Required work
The records are to be repeated exactly, and any images in them are to be dropped.

Provided records
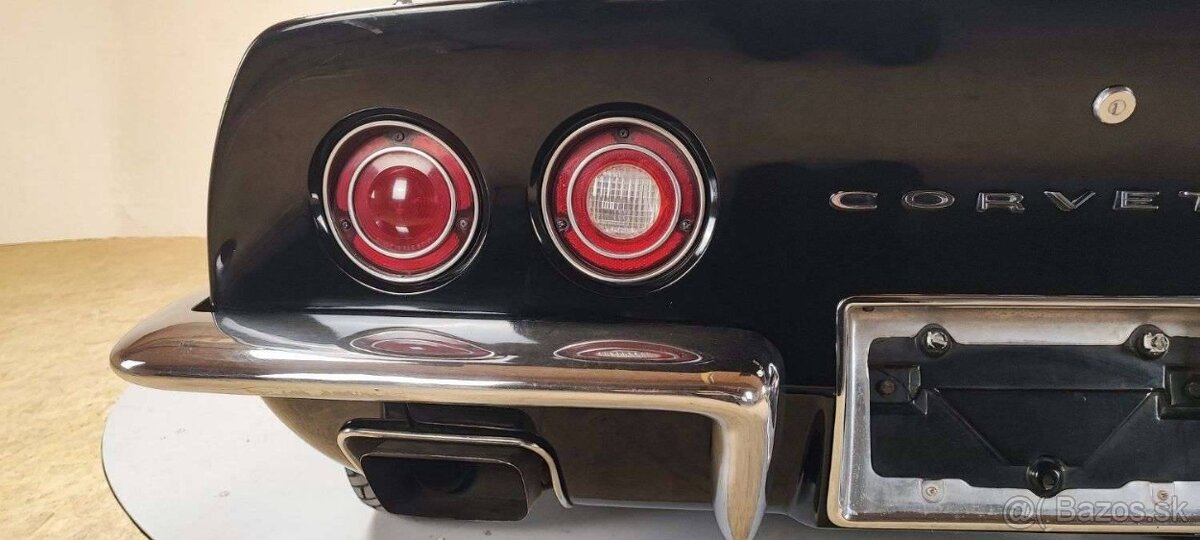 Chevrolet Corvette C3 Stingray z roku 1972 - 17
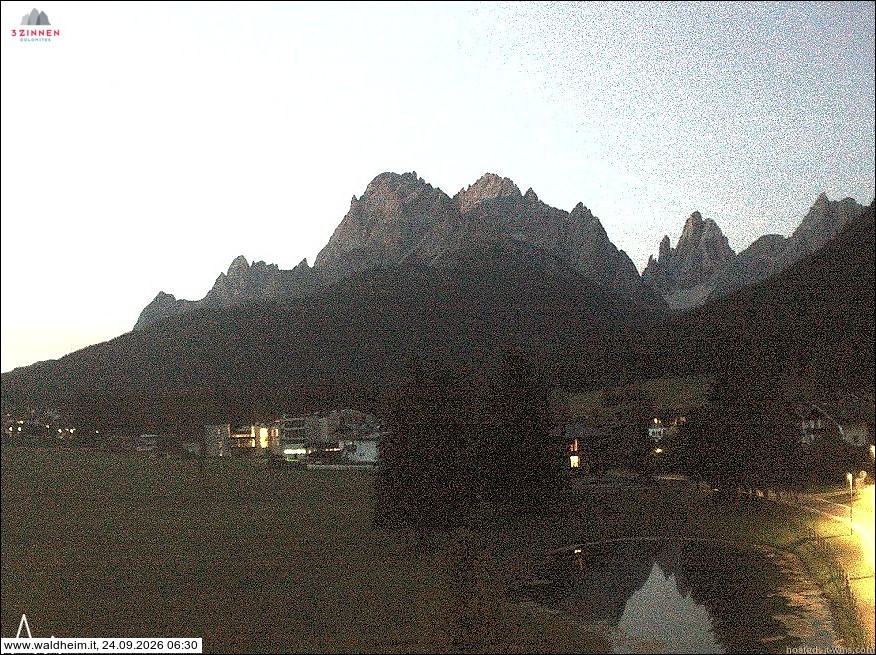 Archived image Webcam Waldheim (Sexten)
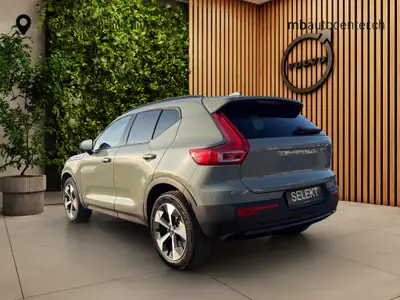 Volvo XC40 2.0 B4 MH Plus Dark 2024 — SUV hybride essence, 15 600 km seulement — arrière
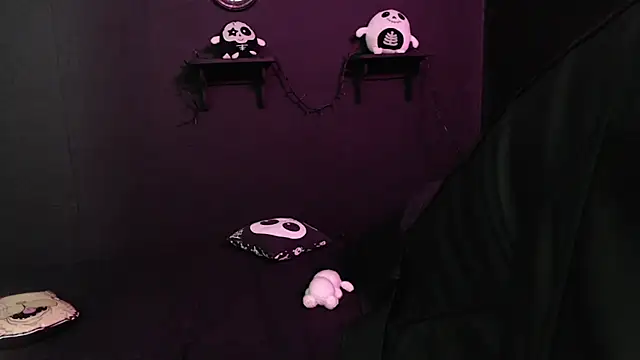 Snapshot of rousstattoo chatting on October 3, 11:35 pm rousstattoo online show from October 3, 11:35 pm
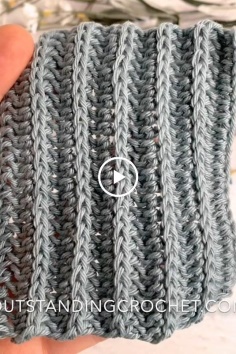 Short showing of very simple but neat and attractive half double crochet rib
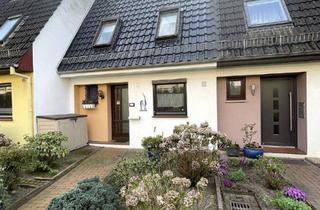 Reihenhaus kaufen in 28719 Bremen, Erstklassiges Reihenhaus mit neuem Dach, Garage und weiterer top Ausstattung!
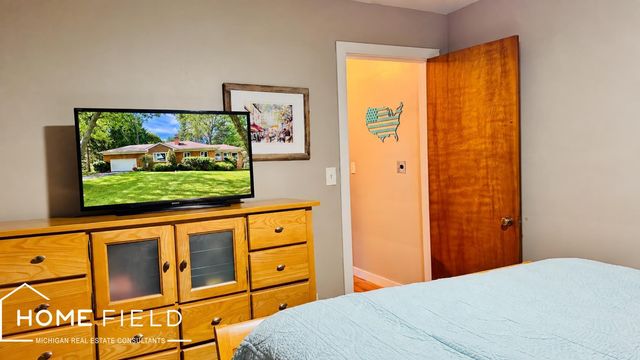 1989 N M-52 Road, Owosso, MI 48867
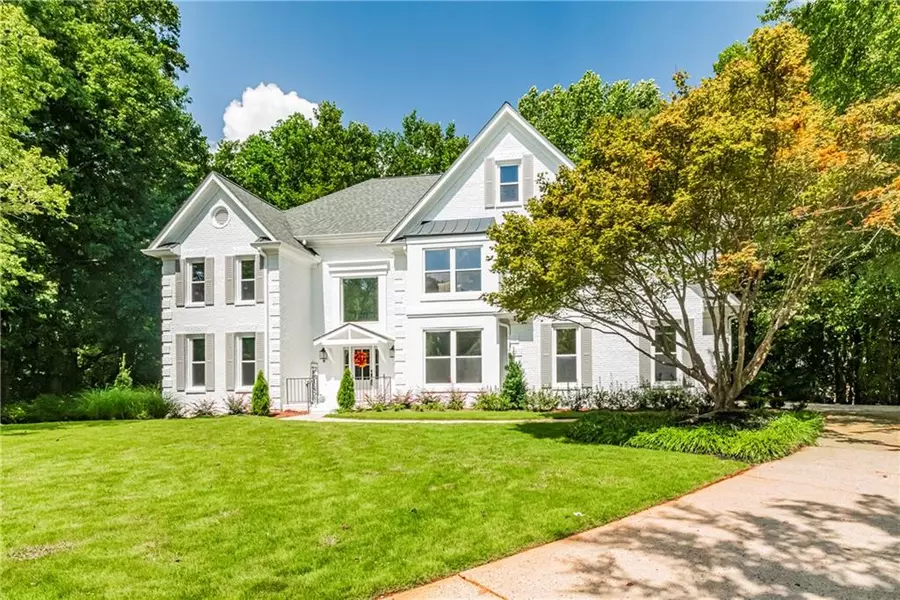 10725 Oxford Mill CIR, Alpharetta, GA 30022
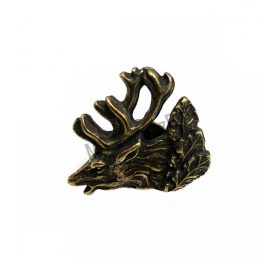 Fém kitűző, szarvasbika fej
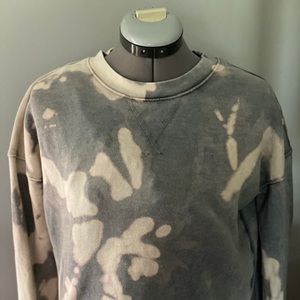 Tie-dye crew neck sweatshirt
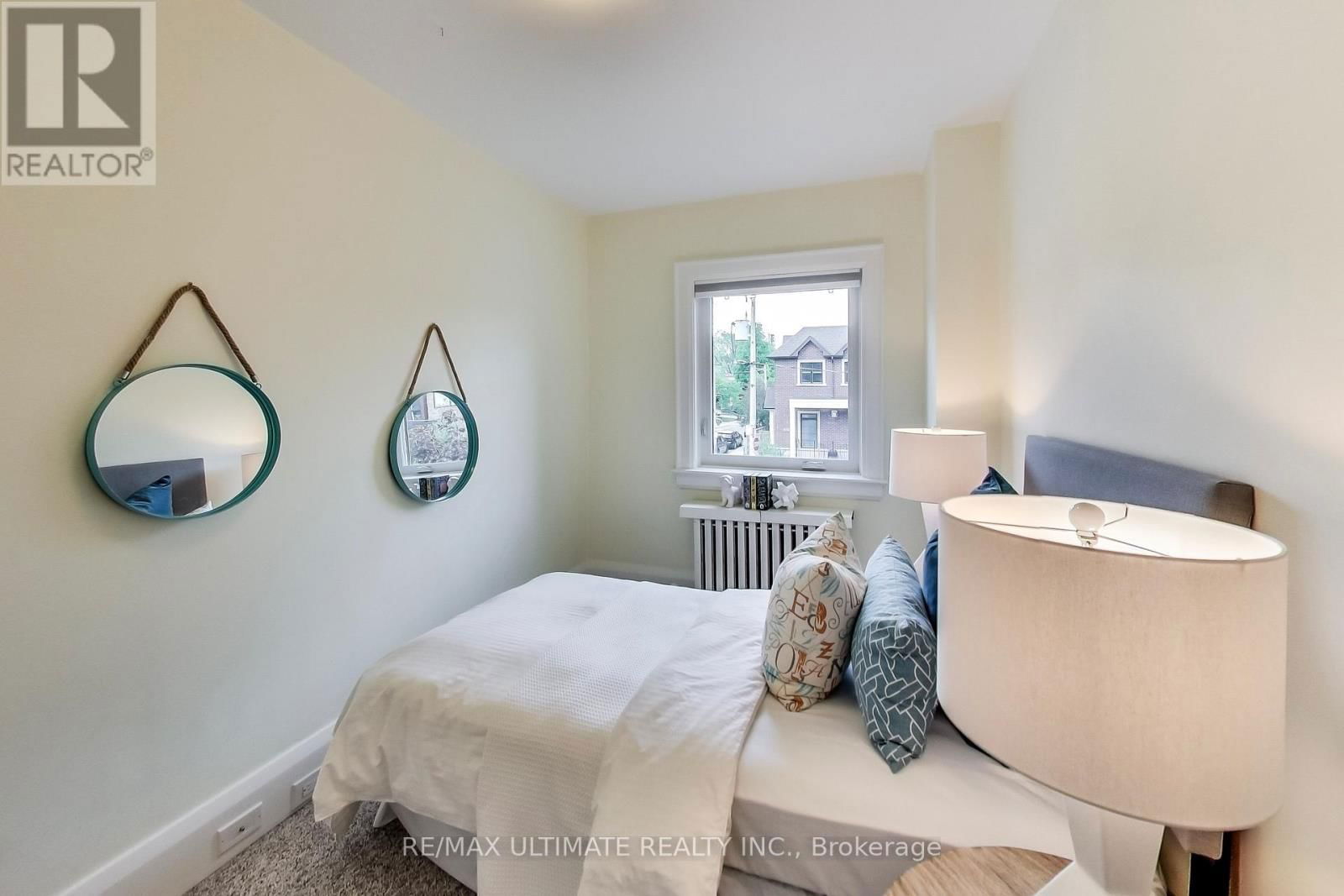 523 SOUDAN AVENUE Image 18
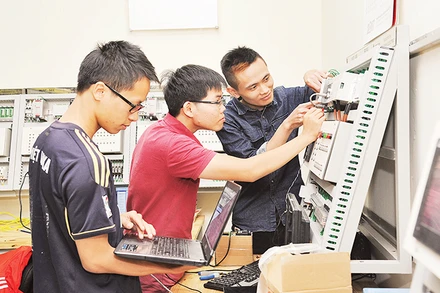 Tiết học của sinh viên Trường đại học Bách khoa. Ảnh | TRẦN HẢI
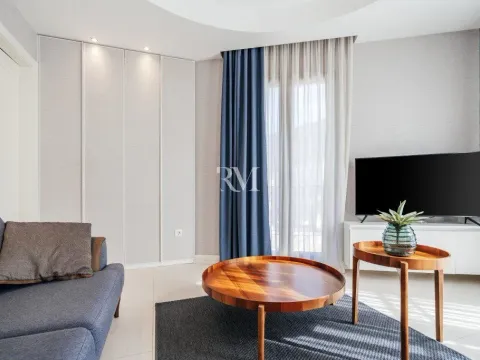 Prodaja, jednosoban stan, 45m², Porto Montenegro, Tivat - image 3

Answer section
 Chevrolet Corvette C3 Stingray z roku 1972 - 17
 Archived image Webcam Waldheim (Sexten)
 Volvo XC40 2.0 B4 MH Plus Dark 2024 — SUV hybride essence, 15 600 km seulement — arrière
 Snapshot of rousstattoo chatting on October 3, 11:35 pm rousstattoo online show from October 3, 11:35 pm
 Short showing of very simple but neat and attractive half double crochet rib
 Reihenhaus kaufen in 28719 Bremen, Erstklassiges Reihenhaus mit neuem Dach, Garage und weiterer top Ausstattung!
 1989 N M-52 Road, Owosso, MI 48867
 10725 Oxford Mill CIR, Alpharetta, GA 30022
 Fém kitűző, szarvasbika fej
 Tie-dye crew neck sweatshirt
 523 SOUDAN AVENUE Image 18
 Tiết học của sinh viên Trường đại học Bách khoa. Ảnh | TRẦN HẢI
 Prodaja, jednosoban stan, 45m², Porto Montenegro, Tivat - image 3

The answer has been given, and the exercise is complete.